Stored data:
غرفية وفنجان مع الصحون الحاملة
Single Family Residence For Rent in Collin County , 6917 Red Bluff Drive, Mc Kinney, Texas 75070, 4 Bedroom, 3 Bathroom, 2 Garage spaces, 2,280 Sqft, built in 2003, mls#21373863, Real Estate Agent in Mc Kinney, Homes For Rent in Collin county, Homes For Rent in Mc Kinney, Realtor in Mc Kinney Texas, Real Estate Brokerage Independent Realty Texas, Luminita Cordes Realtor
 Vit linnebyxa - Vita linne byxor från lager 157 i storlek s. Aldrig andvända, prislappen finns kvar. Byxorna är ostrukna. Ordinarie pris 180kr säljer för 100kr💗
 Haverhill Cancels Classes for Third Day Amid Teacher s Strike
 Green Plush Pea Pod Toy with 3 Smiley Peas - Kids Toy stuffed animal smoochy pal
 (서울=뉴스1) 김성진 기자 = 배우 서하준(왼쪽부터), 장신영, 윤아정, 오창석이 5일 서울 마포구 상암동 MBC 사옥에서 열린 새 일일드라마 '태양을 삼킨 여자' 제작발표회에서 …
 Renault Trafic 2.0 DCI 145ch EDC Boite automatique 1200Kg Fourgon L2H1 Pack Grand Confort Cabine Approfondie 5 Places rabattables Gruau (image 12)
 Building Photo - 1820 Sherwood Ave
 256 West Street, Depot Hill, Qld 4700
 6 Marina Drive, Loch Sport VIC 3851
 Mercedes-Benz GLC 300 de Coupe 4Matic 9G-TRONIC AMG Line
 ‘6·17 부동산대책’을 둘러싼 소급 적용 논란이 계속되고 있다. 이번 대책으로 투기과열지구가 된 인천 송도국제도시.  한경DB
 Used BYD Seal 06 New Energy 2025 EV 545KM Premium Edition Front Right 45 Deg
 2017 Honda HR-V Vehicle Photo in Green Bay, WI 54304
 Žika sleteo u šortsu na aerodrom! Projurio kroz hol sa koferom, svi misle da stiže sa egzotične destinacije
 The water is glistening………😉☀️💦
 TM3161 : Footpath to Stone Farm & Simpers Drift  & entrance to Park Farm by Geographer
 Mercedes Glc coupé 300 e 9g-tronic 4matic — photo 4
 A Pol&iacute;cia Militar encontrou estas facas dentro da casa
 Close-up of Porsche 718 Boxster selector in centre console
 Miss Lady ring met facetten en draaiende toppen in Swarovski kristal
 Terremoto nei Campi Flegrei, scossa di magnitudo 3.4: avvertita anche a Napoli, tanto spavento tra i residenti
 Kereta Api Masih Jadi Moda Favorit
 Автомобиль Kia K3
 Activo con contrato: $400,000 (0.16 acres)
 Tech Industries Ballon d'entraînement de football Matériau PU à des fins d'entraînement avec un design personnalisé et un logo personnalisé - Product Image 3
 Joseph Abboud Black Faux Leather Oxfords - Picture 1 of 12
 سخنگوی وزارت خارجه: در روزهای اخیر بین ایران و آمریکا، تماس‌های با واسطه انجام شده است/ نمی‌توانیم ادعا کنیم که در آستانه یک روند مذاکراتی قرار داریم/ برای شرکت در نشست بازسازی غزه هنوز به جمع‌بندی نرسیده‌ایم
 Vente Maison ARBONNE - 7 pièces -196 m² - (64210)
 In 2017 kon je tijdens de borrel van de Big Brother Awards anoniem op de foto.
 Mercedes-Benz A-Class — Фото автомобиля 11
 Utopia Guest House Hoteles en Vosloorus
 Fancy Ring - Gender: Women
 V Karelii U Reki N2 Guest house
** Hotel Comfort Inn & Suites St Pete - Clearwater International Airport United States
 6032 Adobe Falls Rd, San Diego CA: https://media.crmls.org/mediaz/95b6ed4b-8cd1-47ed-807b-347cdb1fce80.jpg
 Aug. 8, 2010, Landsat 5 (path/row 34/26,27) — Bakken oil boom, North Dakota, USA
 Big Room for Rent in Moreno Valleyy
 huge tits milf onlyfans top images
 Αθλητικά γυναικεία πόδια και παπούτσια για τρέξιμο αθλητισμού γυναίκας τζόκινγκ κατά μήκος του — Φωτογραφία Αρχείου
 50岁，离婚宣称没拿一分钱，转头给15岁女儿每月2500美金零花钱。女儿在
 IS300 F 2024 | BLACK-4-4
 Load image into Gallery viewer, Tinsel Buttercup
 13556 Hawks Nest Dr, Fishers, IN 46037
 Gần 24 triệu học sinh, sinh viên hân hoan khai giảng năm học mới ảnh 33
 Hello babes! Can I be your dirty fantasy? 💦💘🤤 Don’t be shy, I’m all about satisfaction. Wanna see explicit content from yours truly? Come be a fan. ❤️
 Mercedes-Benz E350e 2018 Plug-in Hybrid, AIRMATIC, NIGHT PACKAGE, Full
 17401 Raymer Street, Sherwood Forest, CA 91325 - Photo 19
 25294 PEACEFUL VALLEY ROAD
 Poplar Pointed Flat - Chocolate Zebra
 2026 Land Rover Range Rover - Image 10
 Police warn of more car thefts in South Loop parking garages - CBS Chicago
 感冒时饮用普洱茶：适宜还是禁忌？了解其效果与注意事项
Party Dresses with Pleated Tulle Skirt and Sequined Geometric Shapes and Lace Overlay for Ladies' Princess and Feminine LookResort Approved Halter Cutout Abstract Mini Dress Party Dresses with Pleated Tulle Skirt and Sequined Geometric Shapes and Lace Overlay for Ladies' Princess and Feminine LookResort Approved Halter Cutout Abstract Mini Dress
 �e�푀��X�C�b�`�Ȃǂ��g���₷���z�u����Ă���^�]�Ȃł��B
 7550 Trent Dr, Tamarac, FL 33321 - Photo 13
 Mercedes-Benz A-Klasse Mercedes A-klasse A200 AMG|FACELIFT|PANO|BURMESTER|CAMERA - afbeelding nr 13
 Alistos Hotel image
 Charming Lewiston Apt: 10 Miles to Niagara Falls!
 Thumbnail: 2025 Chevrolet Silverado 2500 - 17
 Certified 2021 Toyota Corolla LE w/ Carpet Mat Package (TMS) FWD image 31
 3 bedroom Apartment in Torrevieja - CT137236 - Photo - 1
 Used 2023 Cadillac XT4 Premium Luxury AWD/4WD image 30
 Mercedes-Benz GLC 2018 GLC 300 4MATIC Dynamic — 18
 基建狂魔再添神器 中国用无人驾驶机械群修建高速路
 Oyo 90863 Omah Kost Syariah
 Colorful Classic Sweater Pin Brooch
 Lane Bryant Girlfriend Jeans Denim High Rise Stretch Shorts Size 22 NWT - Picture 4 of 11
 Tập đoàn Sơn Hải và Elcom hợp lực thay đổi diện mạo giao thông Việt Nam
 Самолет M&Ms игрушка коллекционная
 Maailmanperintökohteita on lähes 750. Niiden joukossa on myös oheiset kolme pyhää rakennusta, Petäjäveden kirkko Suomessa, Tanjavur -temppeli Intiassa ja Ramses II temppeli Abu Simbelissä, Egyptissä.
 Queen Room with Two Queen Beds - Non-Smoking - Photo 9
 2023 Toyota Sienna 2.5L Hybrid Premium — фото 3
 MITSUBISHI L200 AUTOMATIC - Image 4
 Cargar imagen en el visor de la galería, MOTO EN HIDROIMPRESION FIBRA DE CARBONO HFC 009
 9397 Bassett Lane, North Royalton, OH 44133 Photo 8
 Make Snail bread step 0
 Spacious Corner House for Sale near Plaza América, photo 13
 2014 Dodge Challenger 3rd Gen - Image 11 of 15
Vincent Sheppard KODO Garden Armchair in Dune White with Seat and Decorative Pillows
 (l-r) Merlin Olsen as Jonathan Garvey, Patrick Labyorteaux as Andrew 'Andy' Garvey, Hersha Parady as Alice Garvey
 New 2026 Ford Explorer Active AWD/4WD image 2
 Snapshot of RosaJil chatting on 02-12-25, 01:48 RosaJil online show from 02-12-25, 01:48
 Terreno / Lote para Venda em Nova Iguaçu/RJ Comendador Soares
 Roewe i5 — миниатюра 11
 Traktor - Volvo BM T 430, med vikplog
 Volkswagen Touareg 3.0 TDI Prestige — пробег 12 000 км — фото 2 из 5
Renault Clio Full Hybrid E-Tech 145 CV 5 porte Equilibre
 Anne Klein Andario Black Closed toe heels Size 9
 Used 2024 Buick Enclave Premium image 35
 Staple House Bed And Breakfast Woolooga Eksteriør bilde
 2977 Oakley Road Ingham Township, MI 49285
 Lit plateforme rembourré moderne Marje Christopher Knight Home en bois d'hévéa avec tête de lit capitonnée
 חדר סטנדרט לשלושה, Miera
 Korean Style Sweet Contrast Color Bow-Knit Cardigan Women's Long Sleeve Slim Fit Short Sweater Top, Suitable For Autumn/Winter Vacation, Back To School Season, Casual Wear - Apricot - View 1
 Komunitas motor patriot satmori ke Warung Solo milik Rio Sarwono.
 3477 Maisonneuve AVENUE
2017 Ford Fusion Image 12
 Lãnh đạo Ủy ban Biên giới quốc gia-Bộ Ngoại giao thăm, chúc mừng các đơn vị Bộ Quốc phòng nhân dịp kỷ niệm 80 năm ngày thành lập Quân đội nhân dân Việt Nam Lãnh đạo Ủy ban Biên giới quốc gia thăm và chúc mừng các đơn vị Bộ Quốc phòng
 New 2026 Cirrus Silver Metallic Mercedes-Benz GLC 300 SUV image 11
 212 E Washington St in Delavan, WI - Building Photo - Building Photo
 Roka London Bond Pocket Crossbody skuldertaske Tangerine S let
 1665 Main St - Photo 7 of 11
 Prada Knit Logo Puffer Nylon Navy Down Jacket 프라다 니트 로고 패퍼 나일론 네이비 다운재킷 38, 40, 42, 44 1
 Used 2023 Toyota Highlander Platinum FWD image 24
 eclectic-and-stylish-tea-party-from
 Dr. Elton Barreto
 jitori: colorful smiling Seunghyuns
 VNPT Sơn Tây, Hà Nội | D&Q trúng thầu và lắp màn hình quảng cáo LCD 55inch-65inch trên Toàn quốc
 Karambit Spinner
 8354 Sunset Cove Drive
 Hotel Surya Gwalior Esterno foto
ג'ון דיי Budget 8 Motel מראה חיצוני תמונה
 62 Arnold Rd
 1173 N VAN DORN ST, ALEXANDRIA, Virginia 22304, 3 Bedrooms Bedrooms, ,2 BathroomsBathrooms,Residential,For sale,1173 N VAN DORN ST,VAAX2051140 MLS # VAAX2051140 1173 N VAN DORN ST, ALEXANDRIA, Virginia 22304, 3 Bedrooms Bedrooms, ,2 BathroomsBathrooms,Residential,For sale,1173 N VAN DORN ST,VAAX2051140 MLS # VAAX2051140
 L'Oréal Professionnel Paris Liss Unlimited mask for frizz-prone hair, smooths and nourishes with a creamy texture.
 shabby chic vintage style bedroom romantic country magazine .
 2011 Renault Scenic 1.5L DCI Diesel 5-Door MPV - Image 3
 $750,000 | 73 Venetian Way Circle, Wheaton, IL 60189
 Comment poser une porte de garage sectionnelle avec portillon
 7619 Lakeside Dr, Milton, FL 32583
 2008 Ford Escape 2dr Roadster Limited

• Problem statement
Retype only this portion of the data above: the line containing "2014 Dodge Challenger", the line containing "2017 Ford Fusion Image 12", and all lines between them, exactly.

• Task response
 2014 Dodge Challenger 3rd Gen - Image 11 of 15
Vincent Sheppard KODO Garden Armchair in Dune White with Seat and Decorative Pillows
 (l-r) Merlin Olsen as Jonathan Garvey, Patrick Labyorteaux as Andrew 'Andy' Garvey, Hersha Parady as Alice Garvey
 New 2026 Ford Explorer Active AWD/4WD image 2
 Snapshot of RosaJil chatting on 02-12-25, 01:48 RosaJil online show from 02-12-25, 01:48
 Terreno / Lote para Venda em Nova Iguaçu/RJ Comendador Soares
 Roewe i5 — миниатюра 11
 Traktor - Volvo BM T 430, med vikplog
 Volkswagen Touareg 3.0 TDI Prestige — пробег 12 000 км — фото 2 из 5
Renault Clio Full Hybrid E-Tech 145 CV 5 porte Equilibre
 Anne Klein Andario Black Closed toe heels Size 9
 Used 2024 Buick Enclave Premium image 35
 Staple House Bed And Breakfast Woolooga Eksteriør bilde
 2977 Oakley Road Ingham Township, MI 49285
 Lit plateforme rembourré moderne Marje Christopher Knight Home en bois d'hévéa avec tête de lit capitonnée
 חדר סטנדרט לשלושה, Miera
 Korean Style Sweet Contrast Color Bow-Knit Cardigan Women's Long Sleeve Slim Fit Short Sweater Top, Suitable For Autumn/Winter Vacation, Back To School Season, Casual Wear - Apricot - View 1
 Komunitas motor patriot satmori ke Warung Solo milik Rio Sarwono.
 3477 Maisonneuve AVENUE
2017 Ford Fusion Image 12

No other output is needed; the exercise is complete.